UX Journey: install, upgrade, change

This document audits LocalSky’s operator experience across every state transition: first install, version upgrades, configuration changes, hardware changes, recovery from misconfiguration, and migration between modes. Each section names the gaps + how LocalSky handles them.

First-run install

What the operator sees

docker run returns. Container is up.
Visit http://<host>:8090. Server detects no /data/localsky.toml. Redirects to /setup/welcome.
Eight-step wizard (docs/getting-started.md). Each step’s “Save and finish later” link writes a draft to /data/localsky.toml.draft. The wizard is resumable across restarts.
Step 8 (Review) presents the final summary + a single “Save and finish” button. POSTs /api/wizard/apply:
- Validates the draft
- Writes /data/localsky.toml atomically (write to .tmp, fsync, rename)
- Records a snapshot in config_snapshots (version 1)
- Deletes the draft file
Server re-mounts normal routes. Dashboard appears at /.
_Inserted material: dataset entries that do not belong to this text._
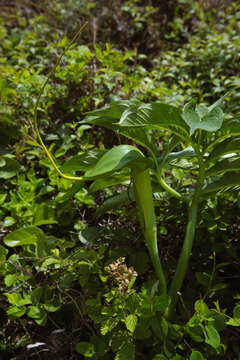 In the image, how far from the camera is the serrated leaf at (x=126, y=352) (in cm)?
75

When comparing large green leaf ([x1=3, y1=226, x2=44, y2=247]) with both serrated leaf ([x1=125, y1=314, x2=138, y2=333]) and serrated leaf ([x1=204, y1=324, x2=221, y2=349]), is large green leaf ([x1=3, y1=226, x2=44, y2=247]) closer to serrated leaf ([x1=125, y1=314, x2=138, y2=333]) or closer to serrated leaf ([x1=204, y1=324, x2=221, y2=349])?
serrated leaf ([x1=125, y1=314, x2=138, y2=333])

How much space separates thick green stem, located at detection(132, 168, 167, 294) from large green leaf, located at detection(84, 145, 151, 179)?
64mm

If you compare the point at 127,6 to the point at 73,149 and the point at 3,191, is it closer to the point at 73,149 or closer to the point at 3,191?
the point at 73,149

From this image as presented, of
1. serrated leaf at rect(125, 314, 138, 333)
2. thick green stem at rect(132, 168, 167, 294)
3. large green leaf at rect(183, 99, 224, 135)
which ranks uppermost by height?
large green leaf at rect(183, 99, 224, 135)

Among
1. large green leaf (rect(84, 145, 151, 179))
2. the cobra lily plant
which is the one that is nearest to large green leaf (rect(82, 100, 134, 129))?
the cobra lily plant

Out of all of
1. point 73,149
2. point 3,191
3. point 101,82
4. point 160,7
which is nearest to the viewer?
point 3,191

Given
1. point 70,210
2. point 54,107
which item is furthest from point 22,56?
point 70,210

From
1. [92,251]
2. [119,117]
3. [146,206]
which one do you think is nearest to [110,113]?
[119,117]

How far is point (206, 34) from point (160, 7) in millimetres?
649

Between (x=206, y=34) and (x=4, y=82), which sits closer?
(x=4, y=82)

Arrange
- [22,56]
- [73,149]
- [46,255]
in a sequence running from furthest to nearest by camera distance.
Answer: [22,56] → [73,149] → [46,255]

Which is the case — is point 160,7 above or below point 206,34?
above

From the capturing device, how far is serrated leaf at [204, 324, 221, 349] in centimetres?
73

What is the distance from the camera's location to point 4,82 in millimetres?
1603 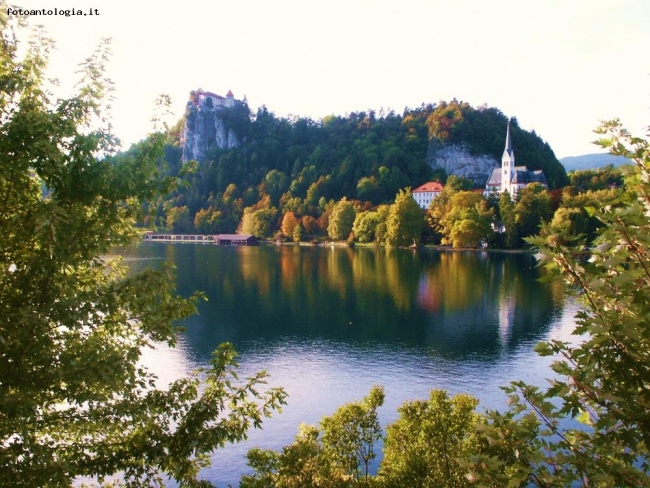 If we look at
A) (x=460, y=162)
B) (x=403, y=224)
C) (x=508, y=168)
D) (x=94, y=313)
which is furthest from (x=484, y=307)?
(x=460, y=162)

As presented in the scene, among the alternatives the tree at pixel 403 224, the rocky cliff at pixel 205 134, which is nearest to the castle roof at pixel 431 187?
the tree at pixel 403 224

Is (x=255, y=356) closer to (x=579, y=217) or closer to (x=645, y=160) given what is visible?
(x=645, y=160)

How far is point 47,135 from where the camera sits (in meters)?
5.81

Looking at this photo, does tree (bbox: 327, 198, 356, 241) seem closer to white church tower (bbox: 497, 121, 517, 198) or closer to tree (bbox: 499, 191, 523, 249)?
tree (bbox: 499, 191, 523, 249)

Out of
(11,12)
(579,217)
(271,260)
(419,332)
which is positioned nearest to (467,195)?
(579,217)

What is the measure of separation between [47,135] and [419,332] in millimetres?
26788

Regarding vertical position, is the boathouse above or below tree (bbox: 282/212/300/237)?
below

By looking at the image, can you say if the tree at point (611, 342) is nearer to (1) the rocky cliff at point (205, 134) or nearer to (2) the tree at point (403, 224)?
(2) the tree at point (403, 224)

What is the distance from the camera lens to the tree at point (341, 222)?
10588 centimetres

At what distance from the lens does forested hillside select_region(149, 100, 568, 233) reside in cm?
13012

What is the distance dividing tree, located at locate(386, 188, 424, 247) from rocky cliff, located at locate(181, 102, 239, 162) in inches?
3940

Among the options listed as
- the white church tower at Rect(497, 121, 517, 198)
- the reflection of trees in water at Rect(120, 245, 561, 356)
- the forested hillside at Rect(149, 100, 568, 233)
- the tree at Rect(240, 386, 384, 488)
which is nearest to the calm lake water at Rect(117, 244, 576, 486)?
the reflection of trees in water at Rect(120, 245, 561, 356)

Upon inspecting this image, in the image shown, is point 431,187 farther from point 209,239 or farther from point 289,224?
point 209,239

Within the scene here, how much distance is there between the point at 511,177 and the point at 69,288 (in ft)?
387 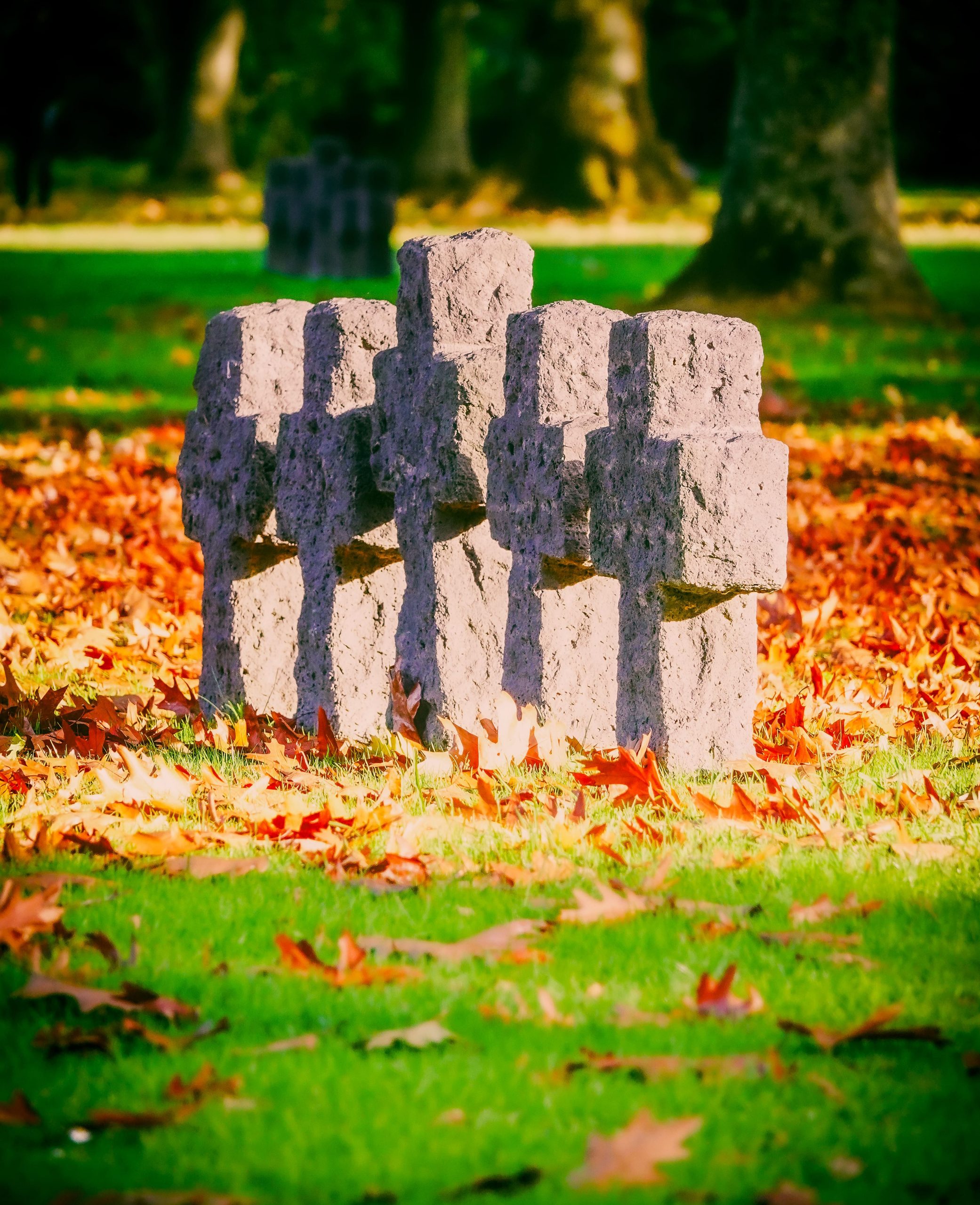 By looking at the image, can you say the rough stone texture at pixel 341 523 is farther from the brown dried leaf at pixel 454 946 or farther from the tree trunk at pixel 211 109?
the tree trunk at pixel 211 109

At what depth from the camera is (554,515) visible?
4.57 meters

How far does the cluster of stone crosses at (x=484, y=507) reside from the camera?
428cm

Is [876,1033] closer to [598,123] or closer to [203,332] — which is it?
[203,332]

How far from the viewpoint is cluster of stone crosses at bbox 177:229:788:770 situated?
14.0 ft

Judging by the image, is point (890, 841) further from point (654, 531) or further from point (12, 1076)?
point (12, 1076)

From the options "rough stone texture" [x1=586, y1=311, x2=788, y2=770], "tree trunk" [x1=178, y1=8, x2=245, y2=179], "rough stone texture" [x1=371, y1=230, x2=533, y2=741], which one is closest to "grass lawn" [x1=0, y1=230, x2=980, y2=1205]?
"rough stone texture" [x1=586, y1=311, x2=788, y2=770]

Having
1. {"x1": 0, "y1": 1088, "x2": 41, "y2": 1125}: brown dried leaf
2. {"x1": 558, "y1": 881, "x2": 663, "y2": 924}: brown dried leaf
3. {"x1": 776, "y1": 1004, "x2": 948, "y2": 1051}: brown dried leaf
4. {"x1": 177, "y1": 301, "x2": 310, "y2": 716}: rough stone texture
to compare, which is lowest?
{"x1": 0, "y1": 1088, "x2": 41, "y2": 1125}: brown dried leaf

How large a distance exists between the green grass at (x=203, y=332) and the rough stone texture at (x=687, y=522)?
7205 mm

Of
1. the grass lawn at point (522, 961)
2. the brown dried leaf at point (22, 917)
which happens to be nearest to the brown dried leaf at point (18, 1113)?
the grass lawn at point (522, 961)

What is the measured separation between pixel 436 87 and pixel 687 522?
32.0 metres

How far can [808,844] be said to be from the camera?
4012mm

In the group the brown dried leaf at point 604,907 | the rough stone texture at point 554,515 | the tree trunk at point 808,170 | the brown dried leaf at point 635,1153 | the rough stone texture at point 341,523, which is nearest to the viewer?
the brown dried leaf at point 635,1153

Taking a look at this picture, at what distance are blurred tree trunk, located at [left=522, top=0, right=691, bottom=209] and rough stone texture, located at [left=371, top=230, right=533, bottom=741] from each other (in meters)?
22.7

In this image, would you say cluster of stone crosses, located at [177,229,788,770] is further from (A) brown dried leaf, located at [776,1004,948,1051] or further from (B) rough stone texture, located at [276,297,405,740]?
(A) brown dried leaf, located at [776,1004,948,1051] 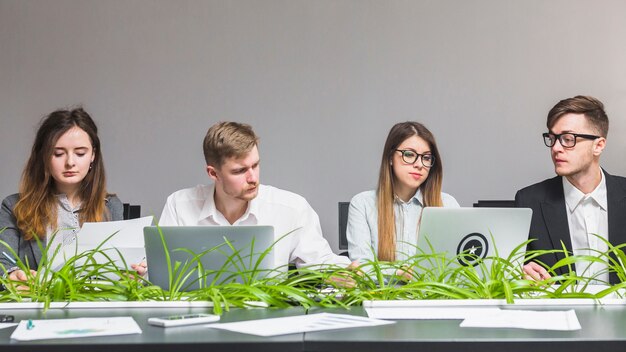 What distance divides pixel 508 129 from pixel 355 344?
406 centimetres

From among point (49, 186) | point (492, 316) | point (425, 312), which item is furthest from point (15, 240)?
point (492, 316)

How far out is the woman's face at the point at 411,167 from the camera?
3.54 m

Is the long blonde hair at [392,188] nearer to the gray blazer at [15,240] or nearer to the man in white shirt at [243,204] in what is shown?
the man in white shirt at [243,204]

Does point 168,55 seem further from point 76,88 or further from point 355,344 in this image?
point 355,344

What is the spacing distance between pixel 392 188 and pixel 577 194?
2.57ft

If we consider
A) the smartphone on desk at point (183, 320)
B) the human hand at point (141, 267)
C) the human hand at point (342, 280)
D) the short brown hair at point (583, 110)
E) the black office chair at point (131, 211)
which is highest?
the short brown hair at point (583, 110)

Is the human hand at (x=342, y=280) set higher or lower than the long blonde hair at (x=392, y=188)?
lower

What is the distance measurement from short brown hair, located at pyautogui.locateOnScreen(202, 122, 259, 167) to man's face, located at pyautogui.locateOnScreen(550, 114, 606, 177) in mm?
1202

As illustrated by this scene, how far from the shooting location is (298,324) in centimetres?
147

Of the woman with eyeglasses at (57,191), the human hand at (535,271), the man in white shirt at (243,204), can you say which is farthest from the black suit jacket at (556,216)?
the woman with eyeglasses at (57,191)

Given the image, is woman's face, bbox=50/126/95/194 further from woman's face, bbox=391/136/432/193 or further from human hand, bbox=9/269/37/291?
woman's face, bbox=391/136/432/193

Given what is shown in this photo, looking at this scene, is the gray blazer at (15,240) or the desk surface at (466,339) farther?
the gray blazer at (15,240)

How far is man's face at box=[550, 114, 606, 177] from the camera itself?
10.7ft

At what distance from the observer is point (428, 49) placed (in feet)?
16.9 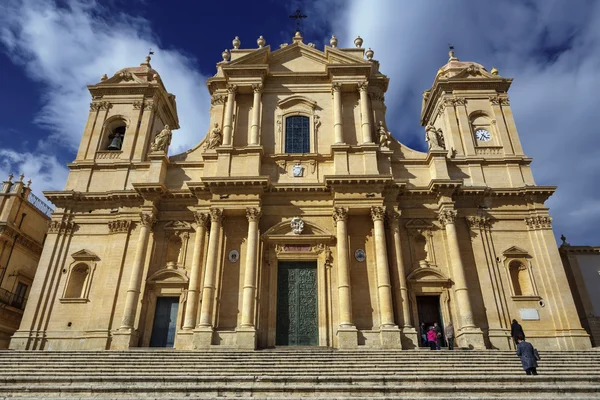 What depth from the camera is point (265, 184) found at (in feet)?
62.5

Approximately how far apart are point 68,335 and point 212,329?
6176mm

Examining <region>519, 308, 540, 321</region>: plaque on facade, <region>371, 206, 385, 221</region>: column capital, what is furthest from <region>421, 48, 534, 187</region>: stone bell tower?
<region>519, 308, 540, 321</region>: plaque on facade

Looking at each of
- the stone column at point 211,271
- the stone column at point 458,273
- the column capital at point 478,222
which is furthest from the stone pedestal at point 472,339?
the stone column at point 211,271

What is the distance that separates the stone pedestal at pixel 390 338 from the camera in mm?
16312

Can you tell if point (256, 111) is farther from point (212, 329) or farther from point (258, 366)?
point (258, 366)

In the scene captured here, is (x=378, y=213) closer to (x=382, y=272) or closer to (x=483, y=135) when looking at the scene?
(x=382, y=272)

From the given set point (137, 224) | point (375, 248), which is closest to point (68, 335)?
point (137, 224)

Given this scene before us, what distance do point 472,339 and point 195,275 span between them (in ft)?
36.0

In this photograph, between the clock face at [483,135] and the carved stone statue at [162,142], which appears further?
the clock face at [483,135]

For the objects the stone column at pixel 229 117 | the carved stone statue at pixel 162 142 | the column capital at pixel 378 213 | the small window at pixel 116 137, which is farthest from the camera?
the small window at pixel 116 137

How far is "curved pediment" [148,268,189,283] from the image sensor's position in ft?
61.6

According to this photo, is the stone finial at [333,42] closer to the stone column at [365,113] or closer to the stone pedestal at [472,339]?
the stone column at [365,113]

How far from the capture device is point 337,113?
837 inches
Gaps + how LocalSky handles them

Gap	Handling
Browser refresh mid-wizard	Draft is persisted server-side after each step; refresh resumes at the same step with same values
Container restart mid-wizard	Same: draft survives restart
User closes tab and comes back days later	Draft still there. The wizard banner on the dashboard (“Resume setup”) invites resumption
Wizard finishes but config validation fails	Apply returns 422 with the specific field error inline; on-disk file untouched; draft preserved
First boot has no location entered	Lat/lon default to (0.0, 0.0); validation flags “null island”; user can’t advance past the Location step until corrected
User doesn’t accept the license	Apply refuses with `LicenseNotAccepted` error

What still needs work

Geocode helper from address text: server-side proxy to Nominatim exists at /api/wizard/geocode, but the wizard UI’s Location step currently shows raw lat/lon inputs only. The address-to-lat/lon flow is plumbed but not wired into the form yet. Tracked.
Map picker for location: Leaflet is already loaded for the radar panel. The wizard could re-use it as a click-to-pick interface. Planned.
Test buttons in Sources / Controllers / LLM steps: the API endpoints exist (POST /api/wizard/test_source etc.) but return 501 in v0.1; the per-adapter test logic lands as each adapter graduates from planned to tested.

Upgrades

What the operator does

docker pull ghcr.io/silenthooligan/localsky:latest
docker stop localsky && docker rm localsky
docker run -d \
  --name localsky \
  --restart unless-stopped \
  -p 8090:8090 \
  -v /opt/localsky/data:/data \
  -e LOCALSKY_V2=1 \
  ghcr.io/silenthooligan/localsky:latest

Or for users on :latest-pinned compose files, docker compose pull && docker compose up -d. Watchtower / Diun / Renovate all work.

What happens inside

Container starts. Reads /data/localsky.toml. schema_version field decides what migration path applies.
Migration runner (src/persistence/runner.rs) opens the SQLite DB. Applies any new migrations in order (one per release that needed schema changes). Records each in the schema_migrations table; idempotent if you rerun.
Config loader checks cfg.schema_version. If lower than CURRENT_SCHEMA_VERSION (currently 1), runs the registered migration chain (one function per version bump). Writes the migrated config back.
Runtime composition root constructs registries from the (now-current) Config. If any source/controller type has been removed in the new release, those entries are skipped with a warn log.
Boot completes. Dashboard at the same URL, same data, same zones.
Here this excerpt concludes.